Construction defects with property in Spain
Spanish legislation has made a great progress in this direction and, after buying a house, we will not be vulnerable. On the contrary there are a number of rules that protect us against the construction defects that may arise.
The construction defects in newly built properties are regulated by the Spanish Ley de Ordenación de la Edificación (LOE) according which to make complaints and request the repair of the shortcomings, the buyer has the following deadlines:
1 year for defects affecting the finish of the work (painting, ... etc..)
3 years for defects affecting the habitability (Dampness, isolation,...)
10 years for defects affecting the building structure.
Is mandatory that the developer hire a ten years insurance policy to cover the defects affecting the building structure.
Defects on used properties in Spain
If we buy a used house, if it is not older than 10 years, we will retain all rights that had the previous owner until the expiration of that period.

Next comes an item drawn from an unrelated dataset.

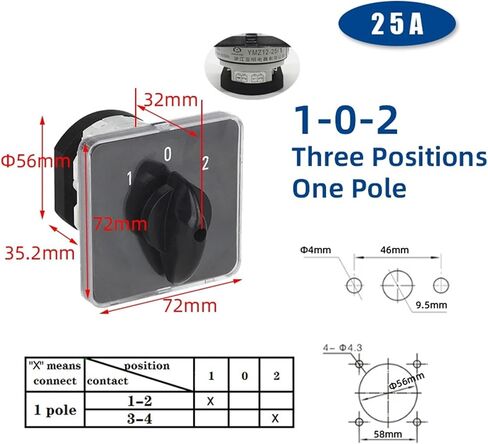 YMZ12-25A التبديل التبديل التبديل التحكم في الطاقة interuptor مقبض على مواضع متعددة خارج LW31 (102-25a 1p) in Saudi Arabia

If, by contrast, has more than 10 years, we will have 6 months from the date of purchase to claim the seller to repair the hidden defects.
Individuals liable for the damages
The LOE assigns the liability of the different actors involved in construction in case of defects.
However, the Developer is always responsible in solidarity being the guarantor of the building.
The Constructor is liable for malpractice, negligence or breach of the site manager or every staff member; Likewise liable for the execution of parts or subcontracted works and deficiencies in materials purchased by him.
The Designer architect is liable for the failure or inaccuracy in its calculations studies or expert opinions, or for the incorporation of inappropriate materials into the project.
The Architect construction manager is responsible and liable for damage or defects caused by poor construction management or use inappropriate materials and also by omissions, deficiencies or imperfections, also for the failures of the project developed . If there are several, are all liable in solidarity.
In all cases, only will be exemptions from liability, by accident, proven force majeure events, damages caused by a third party or by the injured himself .
Other than the warranties stated above listed in the LOE, other liability actions can be taken, being derived from the contract itself.
So, the exclusive obligation of the Developer or Construction Company to finish the work and meets with what was offered to the buyers in the adverts and agreements. In this sense, articles 1096, 1101, 1256 and 1257 of the Civil Code and art. 8 of the General Law for the Defence of Consumers and Users.
This obligation is not limited to characteristics of the dwelling included in the contract but also extends to everything that had been included in the deal, promotion and advertising through brochures or other similar documents relating to the property. So as a buyer you can, based on what was in the offer, promotion and publicity, enforce the developer to comply it, together with the payment of a compensation for damages, and, whether the discrepancy between what was promised in the advertising and what is finally made is of such magnitude that frustrates the contractual expectations of the buyer, may require the termination of the contract with compensation for damages.